K. Flay at The Black Sheep: Tuesday, March 1
A Stanford graduate, K. Flay is smart and self-aware, which explains the name of her debut album, Suburban Rap Queen. To be certain, she has insecurities, but she is secure enough to rap about humdrum everyday real life, taking Flintstones vitamins and talking politics while boys kiss her neck, rather than project some falsified ultra-glamorous persona. She is a proud nerd, referencing X-Men and Lex Luthor while sporting a certifiably fresh flow, to which she says simply, "no duh," as if it were the easiest thing in the world.
Meat Puppets and Moistboyz at the Gothic Theatre: Tuesday, April 1
The Meat Puppets' improbable gold album, Too High to Die, has a title both accurate and true. The band's main men are brothers Cris and Curt Kirkwood, who began playing punk in the '70s, turned hardcore in the early '80s and landed a deal with SST Records, which was bankrolled by Black Flag. Hopped up on weed and classic rock, the longhairs slowed down and began playing creaky tunes that caught the ears of young musicians like Kurt Cobain. Nirvana covered the Puppets' "Lake of Fire" and "Plateau" on its MTV Unplugged in New York album, and new interest led to a major-label deal for 1994's Too High to Die. Drug problems have haunted the band, but it's soldiered on in one form or another. Lollipop, released in 2011, is a loopy tour de force that ranges from acoustic country-kissed songs to keyboard-backed rockers.

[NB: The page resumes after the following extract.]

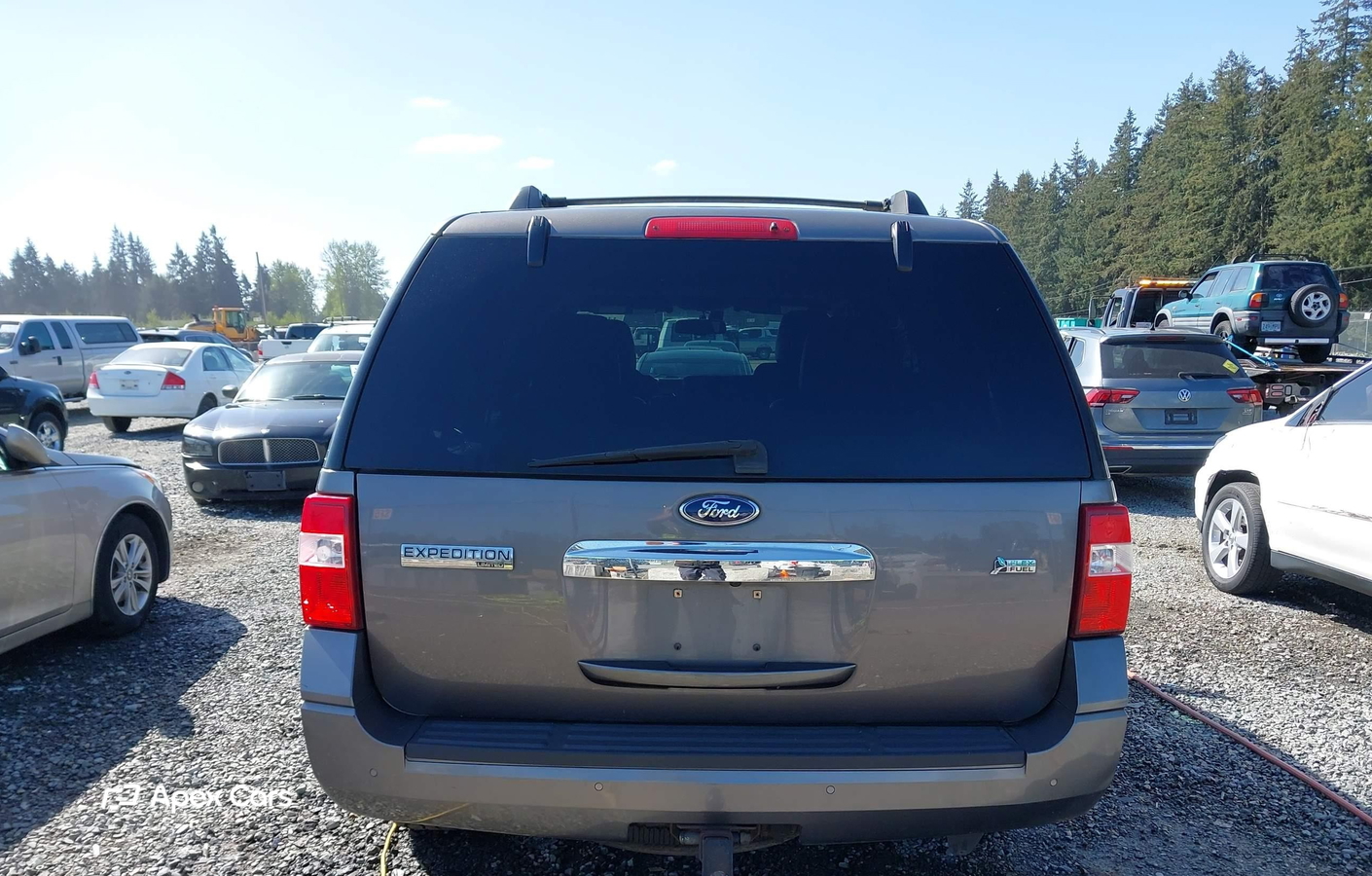 Ford Expedition 2014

The Used and Taking Back Sunday: Tuesday, April 1
These New York-based emo veterans have weathered a number of lineup changes in recent years, and in response their sound has shifted around a bit. 2011's self-titled disc -- the first with John Nolan and Shaun Cooper since the act's 2002 debut -- works a grown-up radio-rock vibe, with one song that comes remarkably close to quoting Toto's "Rosanna." On the heels of the outfit's brand album, Happiness Is, Taking Back Sunday is on a spring co-headlining tour with the Used.